Now i am getting this error

please help

Hi @sanchit-gandhi

I fine-tuned the model data. It seems to be working good. But when I want to use it with whisper live for which I need to convert it using ct2-transformers-converter
which is expecting tokenizer.json which I do not see in the fine tuned files. Can I use the original file in the base model.
Or I missed anything that do not generate the file while fine tunning

Kindly advise

I ran into the exact same issue. I was simply inputting one large recording into my training data. Whisper Requires 30 second [or less because you will pad the remaining seconds using the collator] .wav audio with 16KHz sampling rate (can be 32bit floating or 16bit floating point). I met the criteria but I had one outlier which was a 70s audio clip which I did not notice in my preprocessing. I manually removed it and the issue was fixed.

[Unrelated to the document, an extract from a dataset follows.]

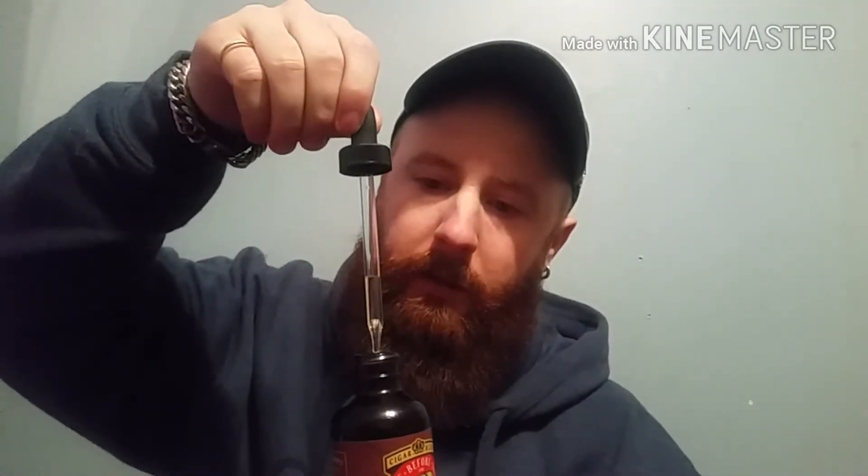I love it! It's got such a sweet vanilla scent to it. I don't really get the cigar from it, but it's just great — you'd have to smell it for yourselves. Once it's in the beard you get a little bit more of that cigar tobacco smell, but not when you first smell it from the bottle. It's also got a huge dropper — look at that. Great stuff.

If you are a using a collator such as Fine-Tune Whisper For Multilingual ASR with :hugs: Transformers, add the following debugging print statements just before you return batch using that collator code:

print(“Batch input features shape:”, batch[“input_features”].shape)
print(“Batch labels shape:”, labels.shape)

It will give you a better conceptual view of the average amount of weights you have per step. You will definitely see an outlier if you have a large audio file.

@sanchit-gandhi hello, i try to train bpe tokenizer on pashto language but its not working. it showing garbage text. however i try to fine tune model (ASR) for pashto and it WER is 46. so can you suggent any other way how to solve this tokenization issues! thank you. :hugs:

Instead of creating a new tokenizer, merging the current tokenizer version with the one trained on the data will likely bring about some improvements.